TASK DETAILS » Transcribe exactly the lines from the one containing "Terrario Pop – Fittonia L - Pur Plant" through the end of the data, both included. Leave out pictures.

PROVIDED MATERIAL »
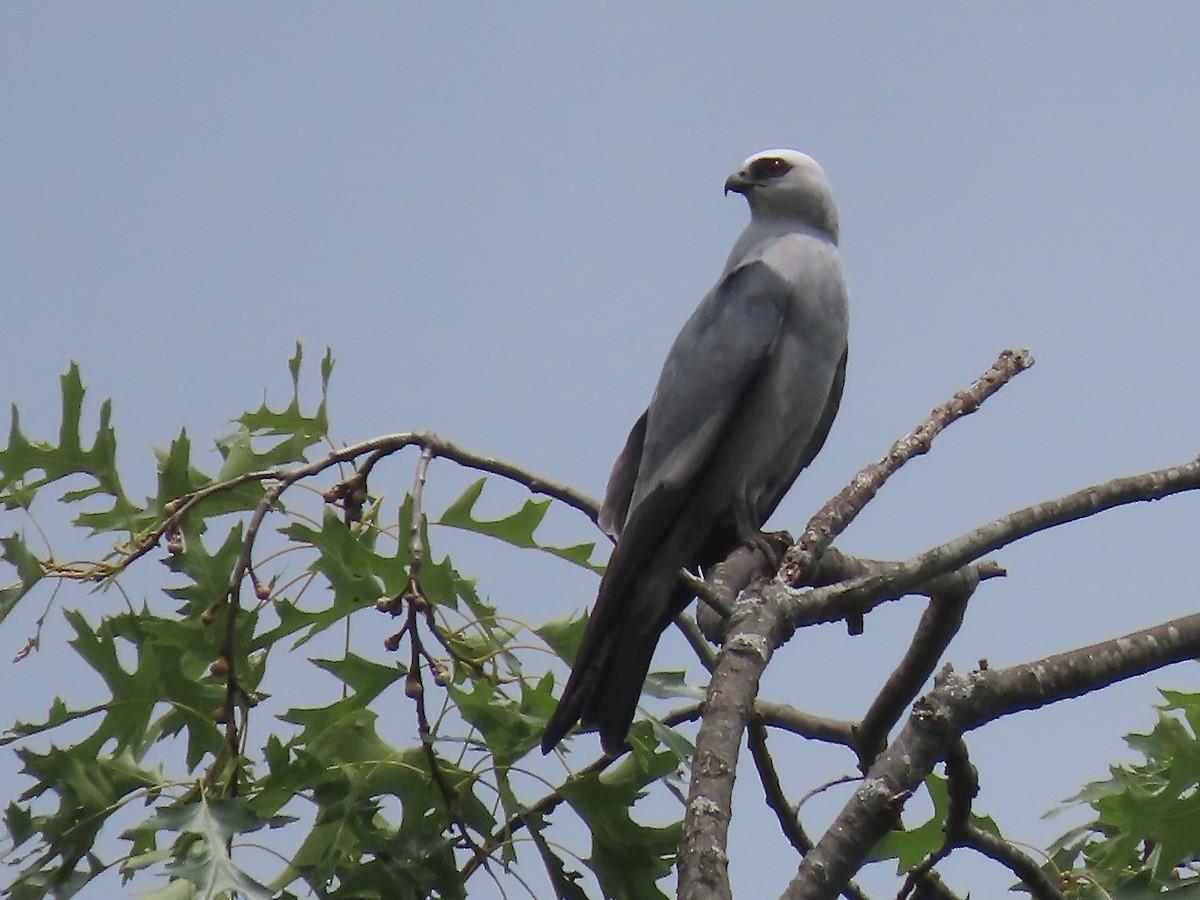 Mississippi Kite - ML588643561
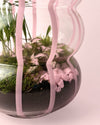 Terrario Pop – Fittonia L - Pur Plant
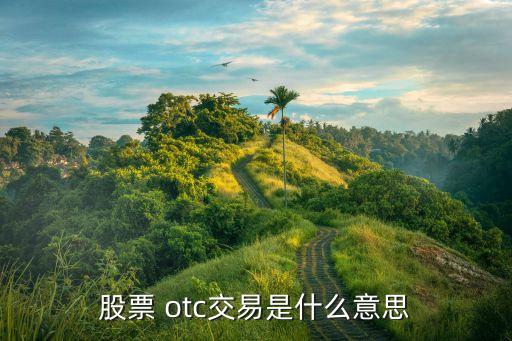 中國濱海新區(qū)otc,中國曼哈頓濱海新區(qū)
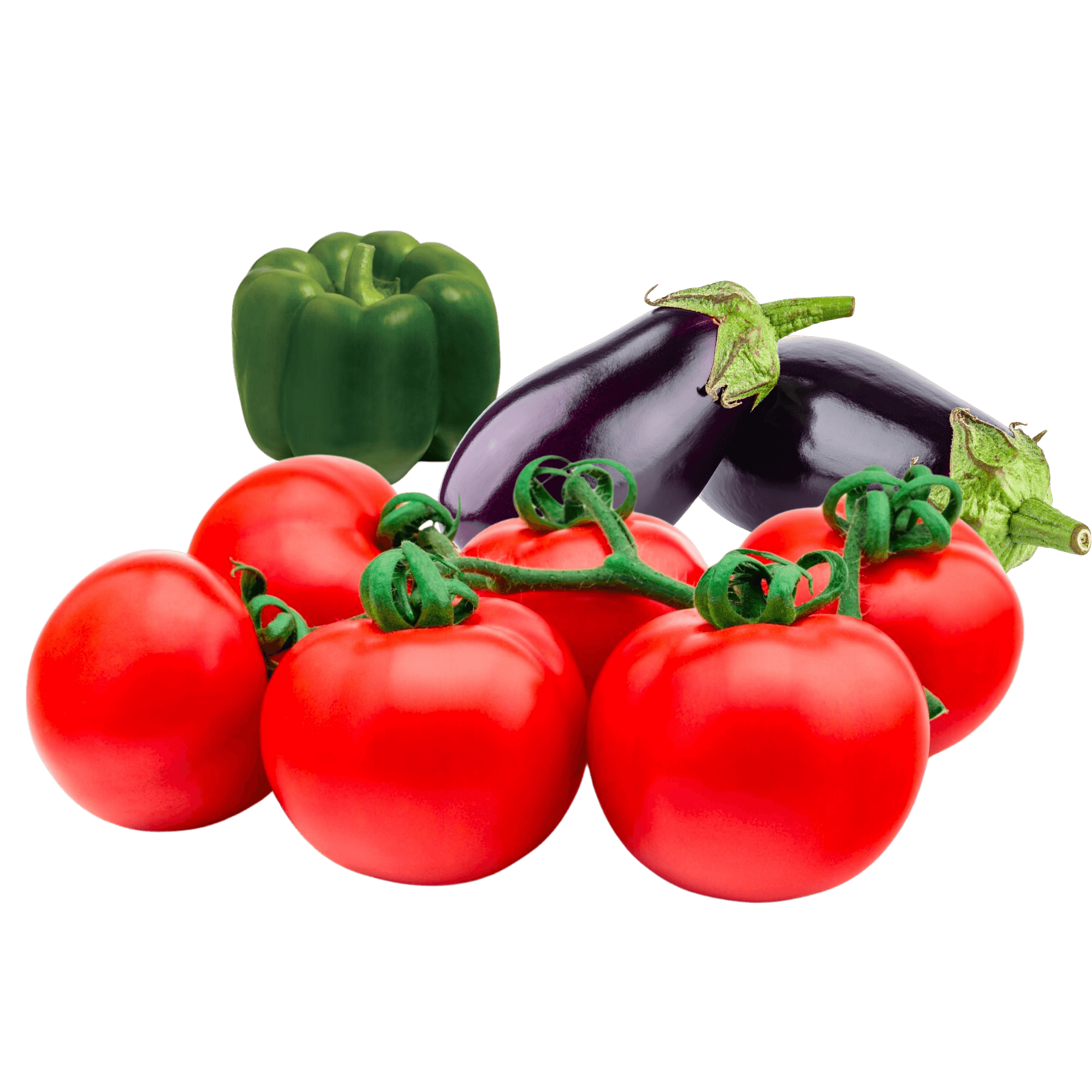 Solanaceae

EXERCISE SOLUTION »
 Terrario Pop – Fittonia L - Pur Plant
 中國濱海新區(qū)otc,中國曼哈頓濱海新區(qū)
 Solanaceae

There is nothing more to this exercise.